● **WORK ITEM**:
The material beneath this line should be printed exactly, with its pictures omitted.

● **DATASET EXCERPT**:
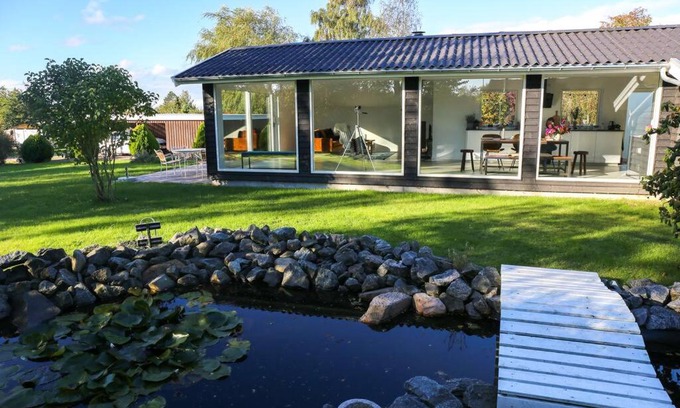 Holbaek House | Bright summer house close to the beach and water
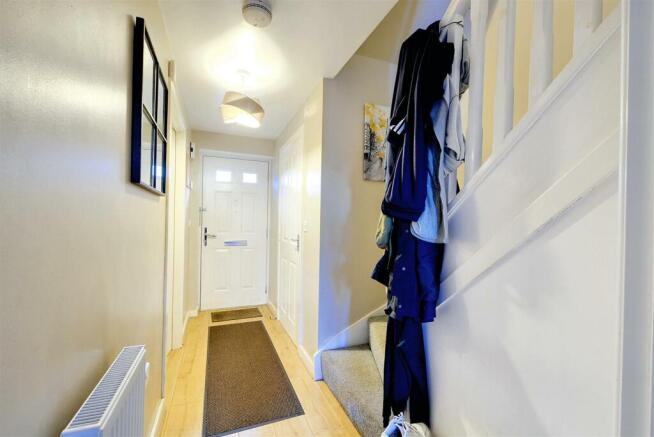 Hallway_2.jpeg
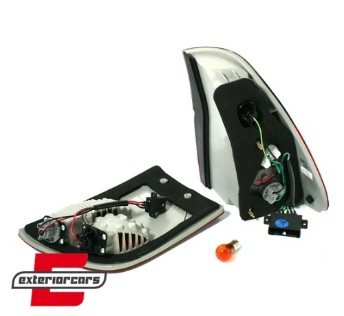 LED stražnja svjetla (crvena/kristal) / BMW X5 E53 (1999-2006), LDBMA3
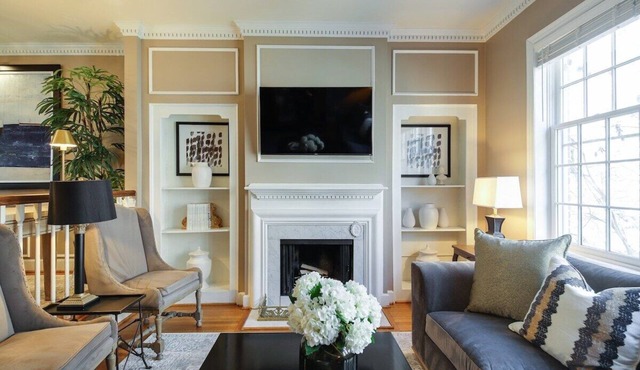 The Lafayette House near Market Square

● **EXERCISE RESPONSE**:
 Holbaek House | Bright summer house close to the beach and water
 Hallway_2.jpeg
 LED stražnja svjetla (crvena/kristal) / BMW X5 E53 (1999-2006), LDBMA3
 The Lafayette House near Market Square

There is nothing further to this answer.